Air New Zealand will fly to New York City three times weekly, year-round using its Boeing 787-9 Dreamliner aircraft in its latest, premium-focused configuration. Flights will start from 17 September, landing at JFK Airport. Air New Zealand Chief Executive Officer Greg Foran says with a short stopover in Auckland, customers will enjoy Air New Zealand's award-winning cabin experience, and literally wake up in the city that never sleeps.
"New York is an iconic yet familiar city, a bucket list item. We're thrilled to be able to offer our Australian customers more choice to get to North America, connecting onto our flagship Auckland – New York flights from our nine Australian ports. As an international service from start to finish, it's a unique proposition and really is the easiest way to get to the Big Apple, on the World's Safest Airline.
"We've worked hard over the last few years to make this ultra-long-haul service a reality – it's one of the longest routes in the world. To ensure customers arrive in New York feeling refreshed, we've put a lot of thought into the onboard experience and teams are working around the clock to make sure this is a great flying experience.
"The US has always been a key market for us, and this new route cements our commitment to growing tourism opportunities with Australia, New Zealand and the US."

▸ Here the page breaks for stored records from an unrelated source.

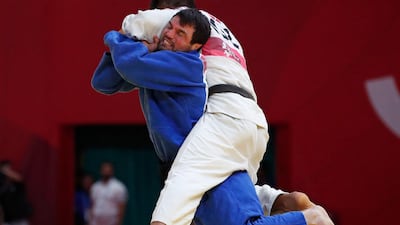 Victor Scvortov of the UAE, in blue, beat Kyrgyzstan's Bektur Rysmambetov in the bronze-medal fight at Jakarta on Thursday. Reuters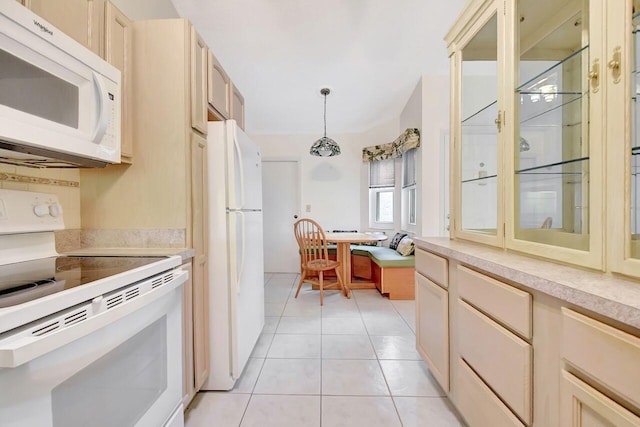 kitchen featuring white appliances, light tile patterned floors, hanging light fixtures, light countertops, and glass insert cabinets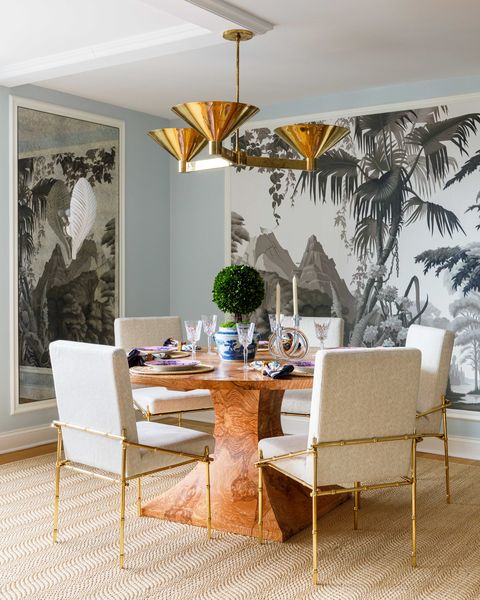 dining room, white and gold dining chairs, wooden circle dining table, gold ceiling pendant, wall mirror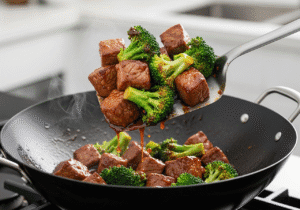 Cooked-beef-and-broccoli-being-tossed-together-in-a-wok-with-a-thick-glossy-and-delicious-stir-fry-sauce.
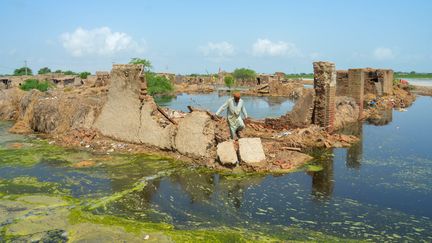 Un homme traverse ce qu'il reste de sa maison détruite par les pluies de mousson dans la province du Balouchistan (Pakistan), le 28 août 2022. (FIDA HUSSAIN / AFP)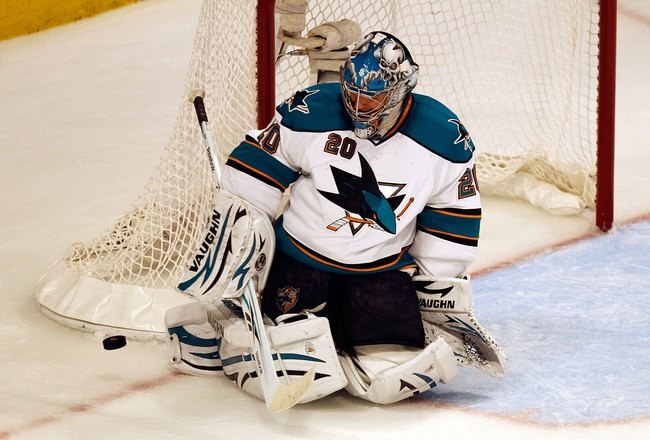 CHICAGO - MAY 23:  Goaltender Evgeni Nabokov #20 of the San Jose Sharks makes a save while taking on the Chicago Blackhawks in Game Four of the Western Conference Finals during the 2010 NHL Stanley Cup Playoffs at the United Center on May 23, 2010 in Chicago, Illinois.  (Photo by Jonathan Daniel/Getty Images)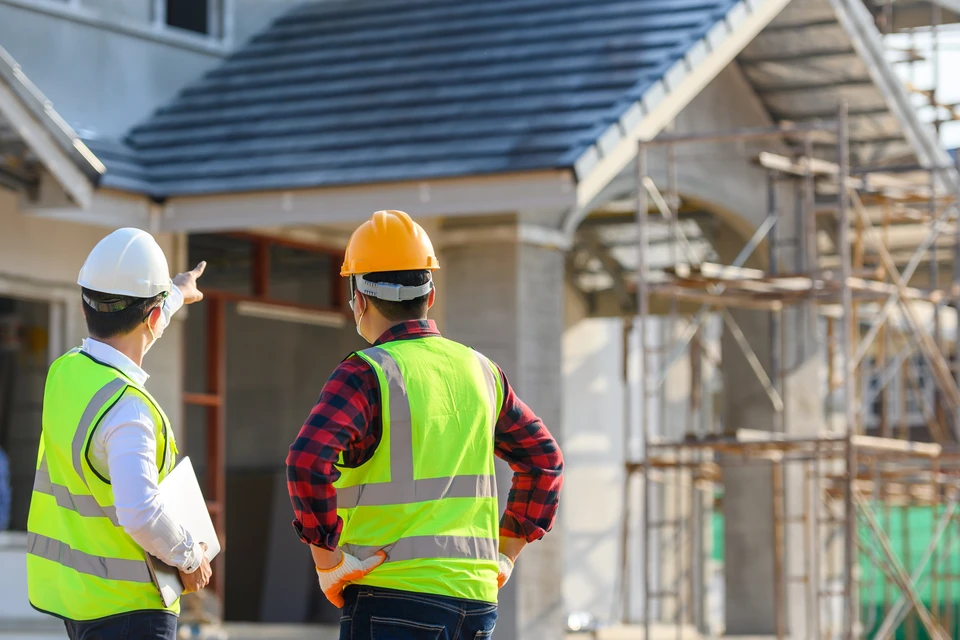 Deux professionnels du bâtiment observent un chantier de construction résidentielle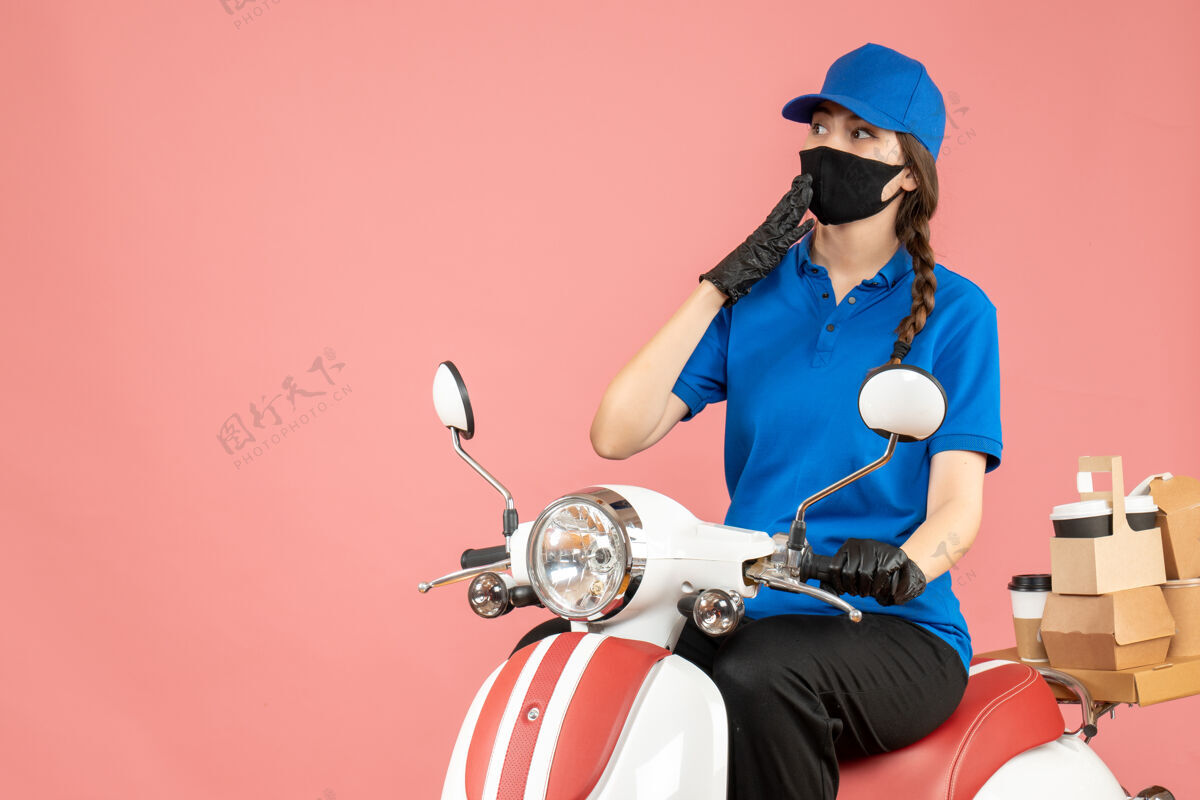 思考前视图思考快递女孩戴着医用面罩和手套坐在滑板车上传递粉彩桃背景的命令人粉彩桃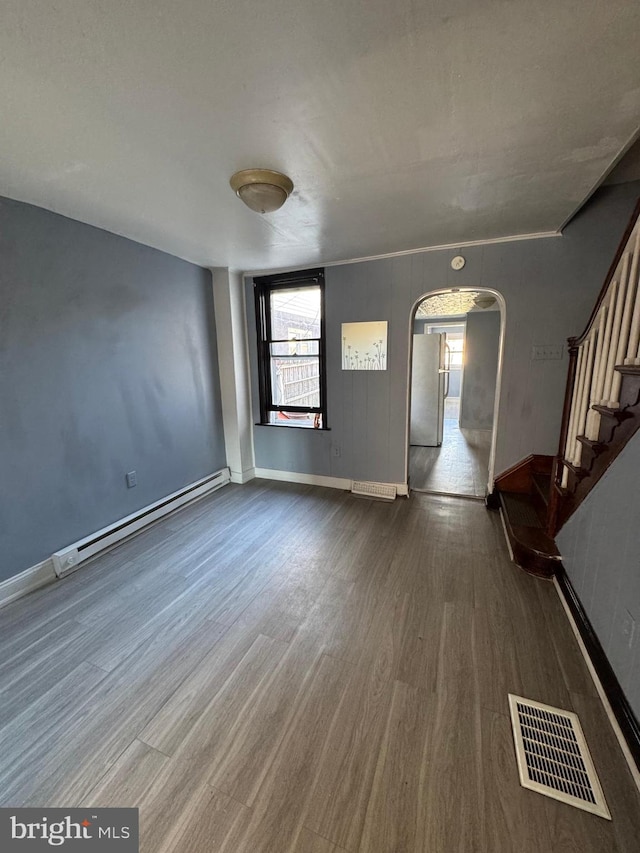 empty room with wood-type flooring and baseboard heating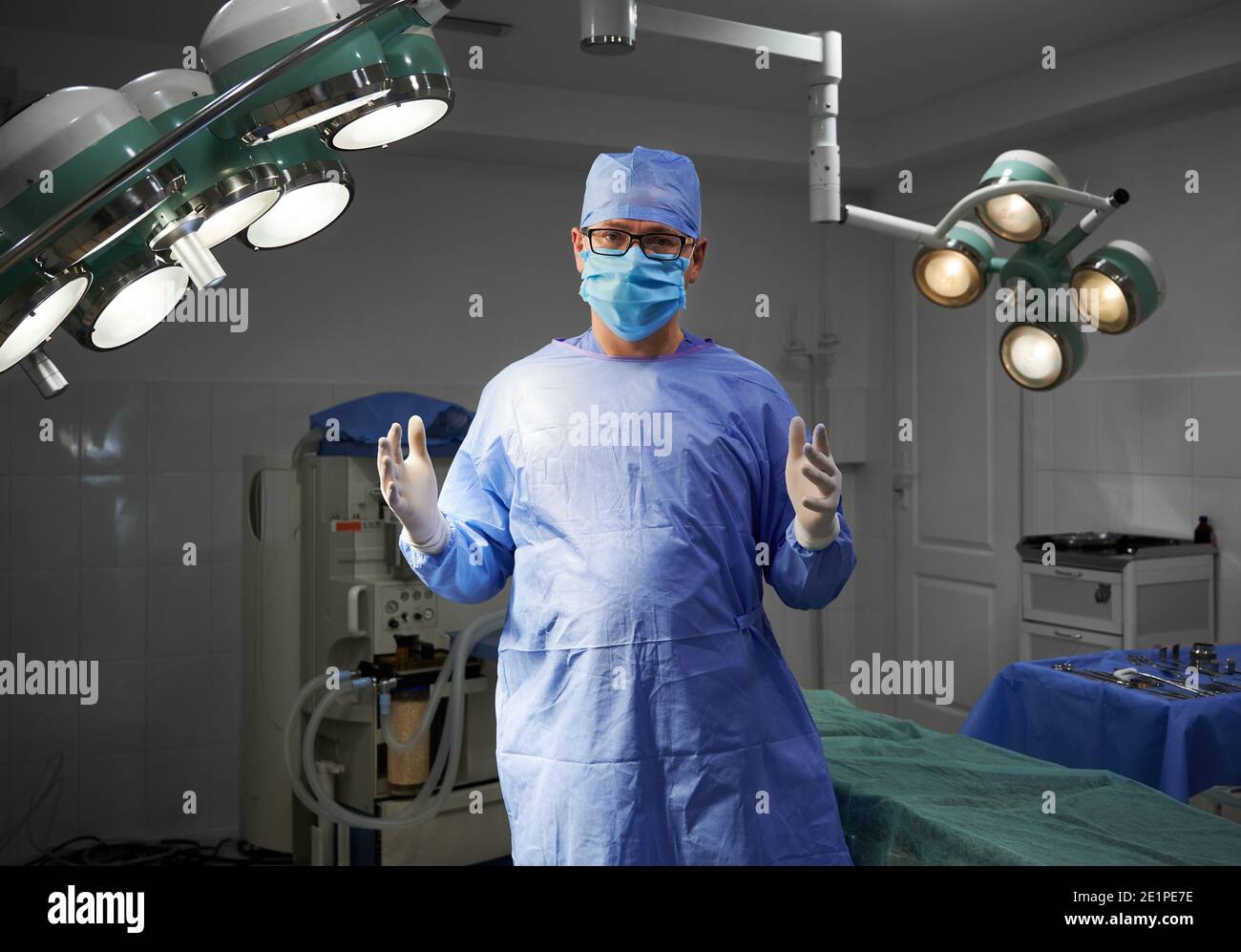 Portrait of surgeon looking at camera while standing in operating room at hospital. Man doctor wearing surgical uniform, sterile gloves, protective face mask, medical cap. Concept of medicine, surgery Stock Photo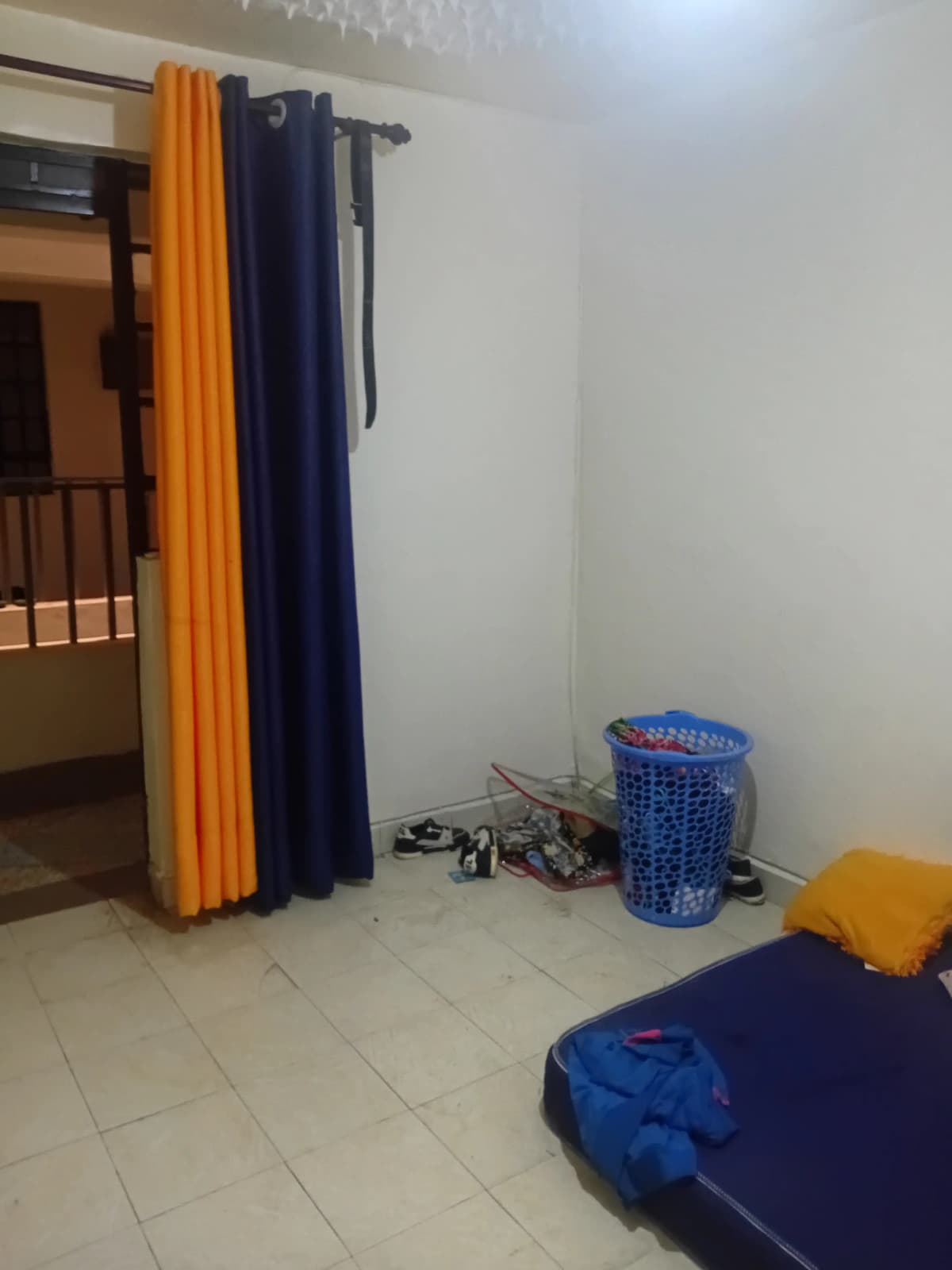 Unfurnished bedroom with curtain rods and moving boxes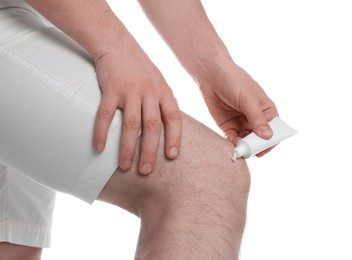 Man applying ointment from tube onto his knee on white background, closeup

Air New Zealand is now serving seven destinations in North America – Chicago, Honolulu, Houston, Los Angles, San Francisco, Vancouver - and soon - New York.
To celebrate, Air NZ is on sale with Flat Beds with business class flights to North America starting from just $4979 including taxes. That's the sale fare from Sydney-Vancouver, with LA and San Francisco next from $5981 including taxes. You'll need to pay quite a bit more to get to NYC though, with rates starting in the low $10k price range. Still, compared to return prices to NYC from Qantas and other competitors across the Pacific, pricing is reasonable with a decent saving against what Qantas is asking and the unique proposition of not having to stopover at a West Coast or Texas gateway city.